The three bells of San Niccolo broke forth, calling workers to their churchly tasks. The sound of the bells echoed in the narrow street. Raul, who had bought a parcel of serge, stood in the doorway watching. Signor Bernardone was also watching. He darted forth, took up the bolt of sendal, pushed his son aside none too gently, and said how well the silk matched my coloring. Without a word Francis quietly slipped away.

"I'll take a piece of sendal," I said. "And my father will pay you."

"That's not necessary," Bernardone explained. "Pay when you visit us again. I'll have Moorish cloth quite soon. This coming week, perhaps, depending upon the thieves that guard the way and the cloth thieves themselves."

4

The sky had darkened, and as we left the shelter of Via
Portico the wind swooped down upon us. Simonetta ruffled her feathers and took a firmer grip on my wrist.

"You're very silent," Raul said. "You seem somewhat chastened. What goes on in your head?"

"Lengths of lovely cloth," I said, "that Signor Bernardone has collected from over the world. The velvets from Paris and the sendal from Venice and—"
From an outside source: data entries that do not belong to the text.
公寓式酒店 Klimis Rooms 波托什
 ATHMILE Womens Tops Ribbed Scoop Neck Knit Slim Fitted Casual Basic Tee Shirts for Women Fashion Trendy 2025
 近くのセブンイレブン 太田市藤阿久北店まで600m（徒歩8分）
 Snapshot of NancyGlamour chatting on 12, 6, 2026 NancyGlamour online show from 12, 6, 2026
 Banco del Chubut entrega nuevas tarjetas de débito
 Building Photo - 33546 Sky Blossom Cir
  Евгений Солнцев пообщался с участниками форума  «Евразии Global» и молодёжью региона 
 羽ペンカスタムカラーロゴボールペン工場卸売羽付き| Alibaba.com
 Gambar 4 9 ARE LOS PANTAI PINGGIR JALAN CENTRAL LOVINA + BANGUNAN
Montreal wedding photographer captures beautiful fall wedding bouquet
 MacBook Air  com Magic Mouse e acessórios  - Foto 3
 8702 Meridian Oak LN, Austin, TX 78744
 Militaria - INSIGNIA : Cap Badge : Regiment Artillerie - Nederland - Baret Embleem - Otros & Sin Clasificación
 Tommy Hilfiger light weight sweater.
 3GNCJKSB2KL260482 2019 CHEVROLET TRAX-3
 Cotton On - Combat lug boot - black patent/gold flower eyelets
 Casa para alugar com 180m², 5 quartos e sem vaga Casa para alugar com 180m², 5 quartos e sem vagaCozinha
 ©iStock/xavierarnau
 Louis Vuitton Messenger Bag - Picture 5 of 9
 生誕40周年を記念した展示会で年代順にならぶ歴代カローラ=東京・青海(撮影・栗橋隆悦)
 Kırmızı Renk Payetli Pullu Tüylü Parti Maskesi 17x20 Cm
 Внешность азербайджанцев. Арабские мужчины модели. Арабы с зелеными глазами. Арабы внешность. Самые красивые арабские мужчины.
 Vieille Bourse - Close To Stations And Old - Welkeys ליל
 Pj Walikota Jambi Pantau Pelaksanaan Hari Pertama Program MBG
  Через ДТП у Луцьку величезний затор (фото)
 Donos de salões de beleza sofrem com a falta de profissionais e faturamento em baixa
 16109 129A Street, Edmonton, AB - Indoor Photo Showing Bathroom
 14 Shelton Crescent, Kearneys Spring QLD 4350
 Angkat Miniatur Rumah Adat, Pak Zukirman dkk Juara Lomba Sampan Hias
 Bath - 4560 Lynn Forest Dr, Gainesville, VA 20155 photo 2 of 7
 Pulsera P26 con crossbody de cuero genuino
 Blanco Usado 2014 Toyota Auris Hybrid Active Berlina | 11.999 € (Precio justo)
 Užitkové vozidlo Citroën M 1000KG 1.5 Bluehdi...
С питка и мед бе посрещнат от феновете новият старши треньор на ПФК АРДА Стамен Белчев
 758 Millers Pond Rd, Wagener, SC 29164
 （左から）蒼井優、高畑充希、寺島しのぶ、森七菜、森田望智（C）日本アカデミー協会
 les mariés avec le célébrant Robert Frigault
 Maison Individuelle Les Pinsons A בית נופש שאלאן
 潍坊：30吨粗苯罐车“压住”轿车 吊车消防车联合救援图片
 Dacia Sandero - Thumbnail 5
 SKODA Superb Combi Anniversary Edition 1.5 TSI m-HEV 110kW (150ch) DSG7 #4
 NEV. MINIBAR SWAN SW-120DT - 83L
"No," Raul said, "not the cloth, of course not. Something else. What is it?"

I spurred the horse to a canter and left him behind, but I had not gone far when I felt a sharp tug at the saddle cloth. Francis Bernardone was running along beside me. With all sorts of wild thoughts racing through my head, I reined in and waited for him to speak.

"What do you call your little hawk?" he asked, out of breath, his face clouded.

"Simonetta," I said.

"A very pretty name for a very pretty bird. But tell me, why do you keep her chained on such a wonderful day? The wind blows and there's music in the sky. Please, friend, take off the hood and let her loose to share this wondrous hour."

I looked down upon him in dismay. His dour expression had not changed. Was he mad? Raul had ridden on and was beckoning to me from the far side of the square. I was tempted to follow him and leave Francis Bernardone standing there in the bitter wind.

"You carry the falcon on your wrist because all the other rich girls do so," he said. "It's the fashion these days. But the falcon wishes to visit heaven, which is her home."

"How do you know what she wishes to do?" I asked, turning the horse round him in a circle.

"I know because I see it in her eyes."

"How can you see her eyes? You can't, because she's wearing a hood."